Noch ein paar Auffälligkeiten: Testkunden, die sich per E-Mail an einen Robo-Anbieter wandten, bekamen von Fintego im Schnitt nach 34 Minuten eine Antwort. Ganz anders bei Robin (Deutsche Bank). Dort dauerte es durchschnittlich mehr als 12,5 Tage, also 535 Mal so lang, bis eine Antwort kam.
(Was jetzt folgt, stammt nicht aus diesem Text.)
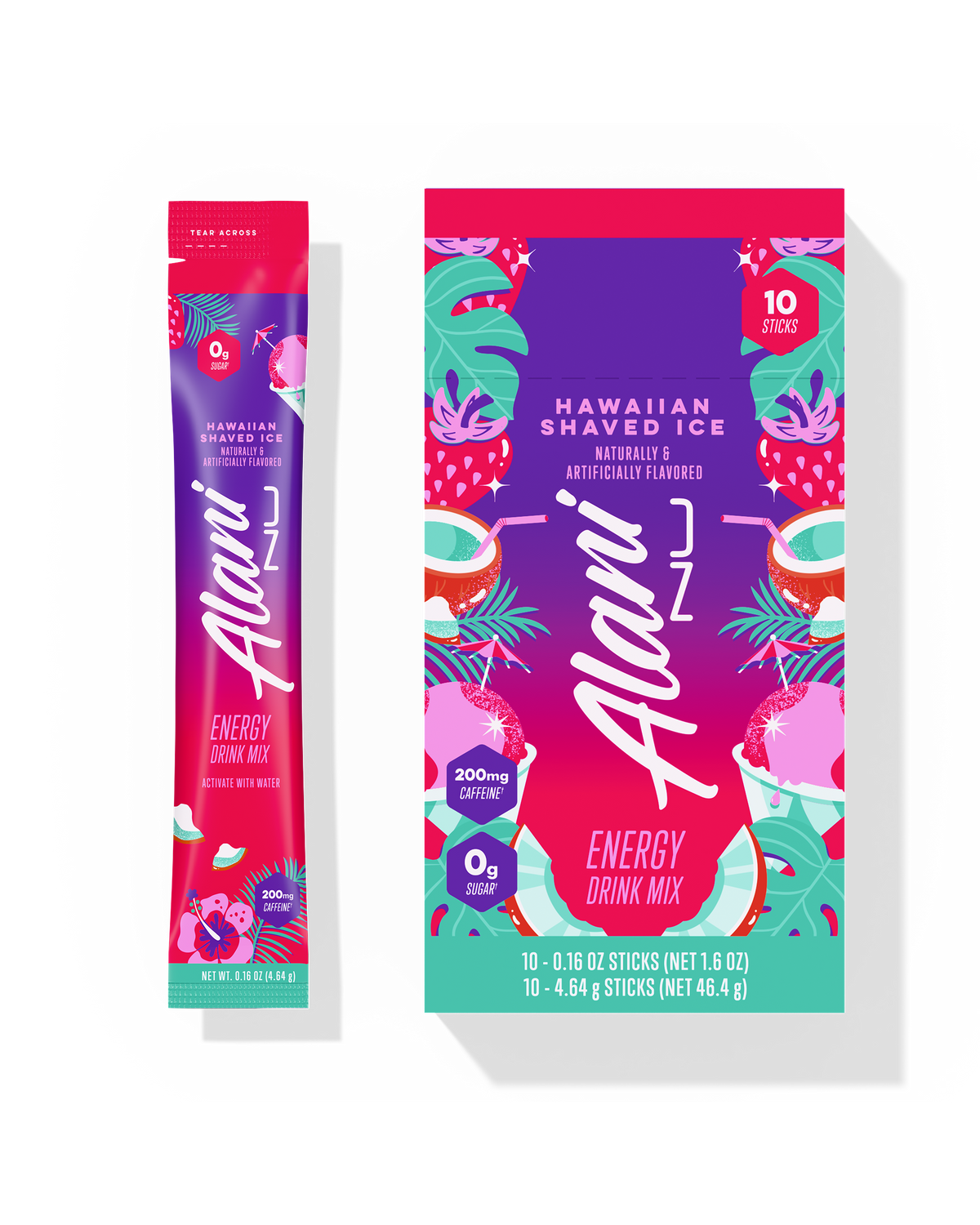 energy-sticks-hawaiian-shaved-ice-10-pack-l7 Stretch_AN-Website-PDP-Sticks-HSI-01.png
Der Aufwand, mit dem die Robos versuchen, das individuelle Risikoprofil der Kunden herauszufinden, unterscheidet sich gewaltig. Die größte Mühe gibt sich Investify. Dort bekommen Anleger in spe 24 Fragen gestellt. Robin, Quirion und Vaamo fallen jeweils nur drei Fragen ein, um eine Vorstellung von der Risikoneigung ihres Kunden zu bekommen. Die Robos Baloise Monviso, Cominvest (Commerzbank), Truevest und Whitebox überlassen es - ganz Robo-unlike - den Kunden selbst, ihre Risikobereitschaft einzustufen.
Große Unterschiede gibt es bei der Zielgenauigkeit, mit der die Kunden von den Robos bestimmten Risikoklassen zugeordnet werden. Je nach Anbieter gibt es vier bis 23 Risikoklassen.
Apropos Risiken: Sind Anlagen via Robo-Advisor eigentlich riskanter als solche, die ein Vermögensberater seinen Kunden verkauft? Bain-Experte Vater winkt ab. "Geldanlagen sind grundsätzlich immer mit Risiken verbunden", sagt er. Das sei bei Robos nicht anders als bei Anlagen über einen Berater.